Аксиомы имеют не логическую, а имажинативную, образную природу. Мы исходим из того, что в основе любого социологического (и, вероятно, не только социологического) исследования лежит имплицитный образ изучаемого объекта. Имплицитные образы предпосланы концептуальным определениям и составляют их «твердое ядро», между собой образ и концепт соотносятся как аксиоматический и теорематический уровни знания.

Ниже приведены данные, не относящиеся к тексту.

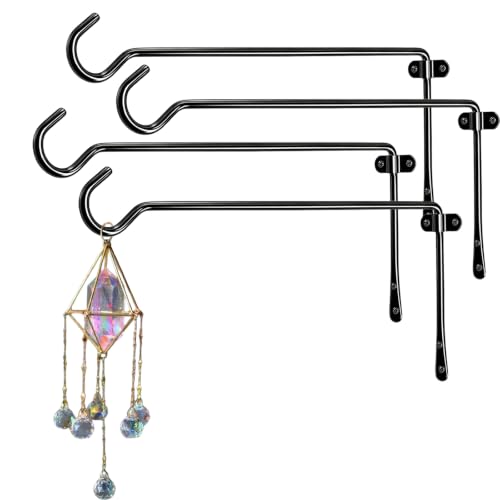 13.3IN Metal Plant Hangers Outdoor, Wall Mount for Planters, 4 Pcs - color: Black, size: 13.3 INCH-Shaped Straight Hook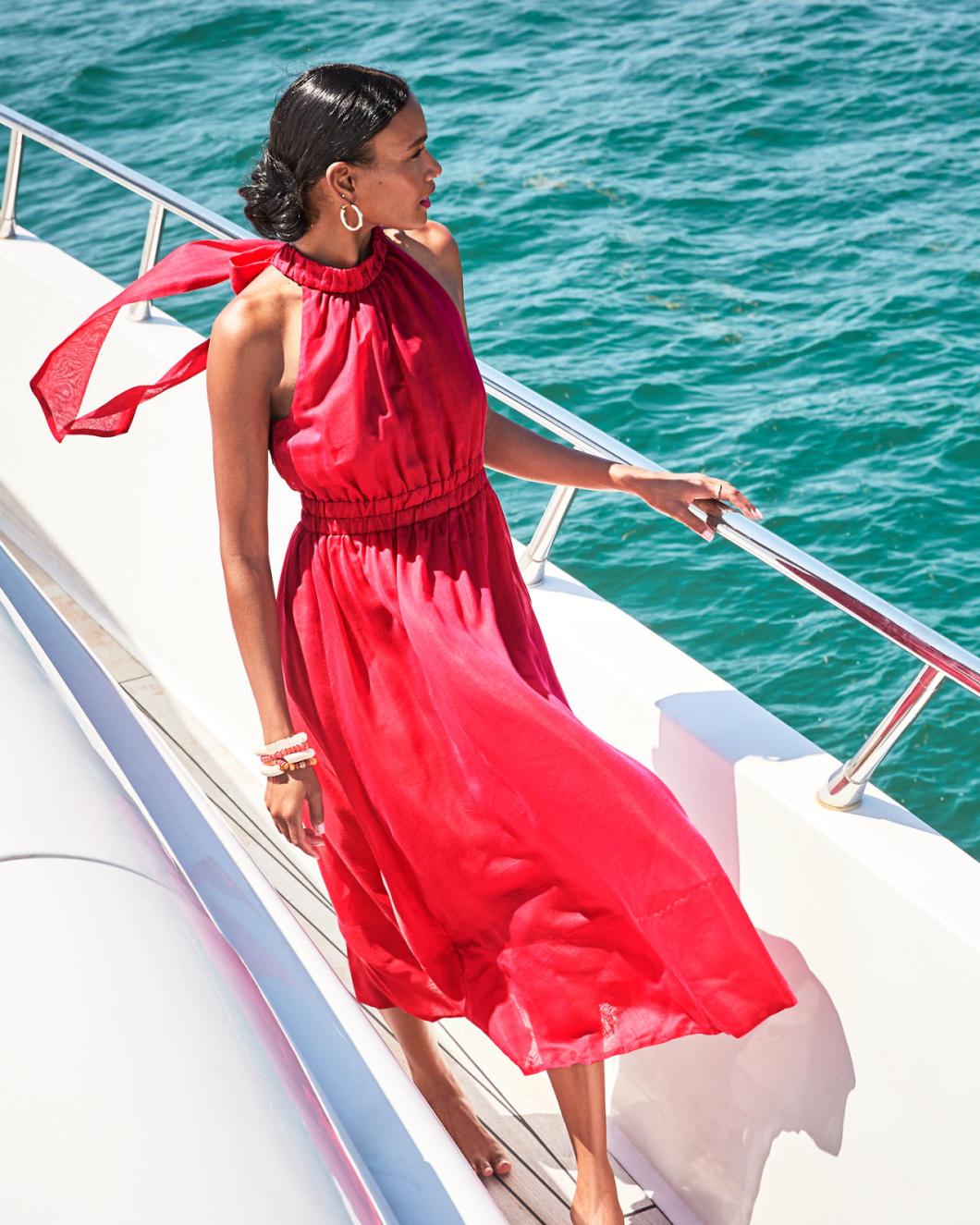 Lilly Pulitzer Marleen Halter Midi Dress Poinsettia Red | Women Fit &amp; Flare Dresses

Образы носят дологический и контингентный характер. С этим тезисом, по всей видимости, не согласились бы классики марксизма, для которых

предпосылки… не произвольны, они – не догмы; это действительные предпосылки, от которых можно отвлечься только в воображении… Это – действительные индивиды, их деятельность и материальные условия их жизни, как те, которые они находят уже готовыми, так и те, которые созданы их собственной деятельностью. Таким образом, предпосылки эти можно установить чисто эмпирическим путем [Маркс, Энгельс 1955].

Впрочем, данное утверждение классиков также аксиоматично и само по себе не может быть установлено эмпирическим путем, оно связано с имплицитным представлением о «действительных индивидах» и «материальных условиях их жизни» как о наиболее прочных основаниях нашего знания о мире.

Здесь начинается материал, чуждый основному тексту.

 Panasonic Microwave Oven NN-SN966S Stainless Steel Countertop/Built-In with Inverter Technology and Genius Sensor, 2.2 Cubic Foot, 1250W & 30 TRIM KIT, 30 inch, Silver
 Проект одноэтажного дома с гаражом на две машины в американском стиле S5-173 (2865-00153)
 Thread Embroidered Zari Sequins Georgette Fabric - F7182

Имплицитные образы объекта, лежащие в основе теоретических описаний, зачастую принимают вид метафор[9]. Фундаментальные метафоры «общество как организм», «общество как высшее существо» или «общество как система» предпосланы социологическим описаниям, выполненным в технике «социетального реализма». Социология науки оперирует иным набором фундаментальных метафор[10]: «наука как политика», «наука как язык», «наука как этикет» и т. п. У социологии города – свой набор метафорических инструментов.

Аксиоматика (посредством метафор) определяет оптику теории. Оптика – это стратегия взгляда. Исследователь видит мир таким, каким его делает доступным взгляду его собственный теоретический словарь. Изменяя «настройки» теории, мы изменяем пространство ее оптических возможностей.

Оптика задает горизонт проблематизации. Операция проблематизации – постановки под вопрос, представления какого-то аспекта изучаемого объекта в образе «черного ящика» – возможна благодаря несомненности аксиом и ясности оптик. Поэтому эпистемическая проблема, проблема, которую можно исследовать в пределах выбранных различений, – это всегда результат осмысленных усилий проблематизации и никогда не свойство самого объекта.

Наконец, последняя предпосылка нашего анализа: оптика является условием практики. В конечном итоге исследователь может действовать лишь в границах «видимого»; поскольку используемые им понятия являются «условиями видимости» изучаемых им объектов, всякое исследовательское действие – то есть действие эпистемическое, направленное на приращение знания об объекте – оказывается «оптически заданным»: невозможно изучать то, чего нет в словаре исследователя. А потому «теория» (выбранная осознанно или принятая имплицитно) есть в любом эпистемическом действии.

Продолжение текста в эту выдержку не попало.